[WHAT YOU WILL DO] All lines from the line containing "Salvatore Ferragamo Klassiek" up to and including the last line of the entries must be written out exactly, with no others.

Dataset entries

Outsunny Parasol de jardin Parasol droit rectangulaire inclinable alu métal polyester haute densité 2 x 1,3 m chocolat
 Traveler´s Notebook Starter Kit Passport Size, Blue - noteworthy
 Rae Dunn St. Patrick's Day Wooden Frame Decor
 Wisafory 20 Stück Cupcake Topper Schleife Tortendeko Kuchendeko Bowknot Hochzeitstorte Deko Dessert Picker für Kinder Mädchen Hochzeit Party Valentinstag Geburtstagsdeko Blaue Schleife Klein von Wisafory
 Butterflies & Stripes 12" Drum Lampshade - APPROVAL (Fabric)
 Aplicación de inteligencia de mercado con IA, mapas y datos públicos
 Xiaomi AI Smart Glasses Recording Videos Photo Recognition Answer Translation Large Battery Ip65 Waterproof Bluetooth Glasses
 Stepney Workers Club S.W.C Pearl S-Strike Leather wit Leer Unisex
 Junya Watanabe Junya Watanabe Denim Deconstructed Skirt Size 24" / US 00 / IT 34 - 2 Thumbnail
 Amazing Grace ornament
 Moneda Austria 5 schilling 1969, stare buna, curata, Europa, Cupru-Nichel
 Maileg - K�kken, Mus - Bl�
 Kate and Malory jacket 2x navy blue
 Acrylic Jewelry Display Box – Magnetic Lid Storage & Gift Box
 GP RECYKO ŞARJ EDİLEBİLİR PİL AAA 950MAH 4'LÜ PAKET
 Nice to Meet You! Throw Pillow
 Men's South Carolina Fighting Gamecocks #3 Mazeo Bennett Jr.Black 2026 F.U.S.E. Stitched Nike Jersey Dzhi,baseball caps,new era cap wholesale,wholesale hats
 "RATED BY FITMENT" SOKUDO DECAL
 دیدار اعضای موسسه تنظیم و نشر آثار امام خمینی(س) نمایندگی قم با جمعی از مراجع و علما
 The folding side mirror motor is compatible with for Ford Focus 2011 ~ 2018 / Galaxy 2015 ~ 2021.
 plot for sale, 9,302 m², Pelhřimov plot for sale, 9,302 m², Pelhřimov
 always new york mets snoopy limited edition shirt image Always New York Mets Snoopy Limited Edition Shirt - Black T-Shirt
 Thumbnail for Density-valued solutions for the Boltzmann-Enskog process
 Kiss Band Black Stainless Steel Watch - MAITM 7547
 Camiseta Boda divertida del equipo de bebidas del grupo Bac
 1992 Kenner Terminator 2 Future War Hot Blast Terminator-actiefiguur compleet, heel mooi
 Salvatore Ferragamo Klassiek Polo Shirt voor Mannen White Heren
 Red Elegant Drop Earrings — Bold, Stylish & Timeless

[REPLY]
 Salvatore Ferragamo Klassiek Polo Shirt voor Mannen White Heren
 Red Elegant Drop Earrings — Bold, Stylish & Timeless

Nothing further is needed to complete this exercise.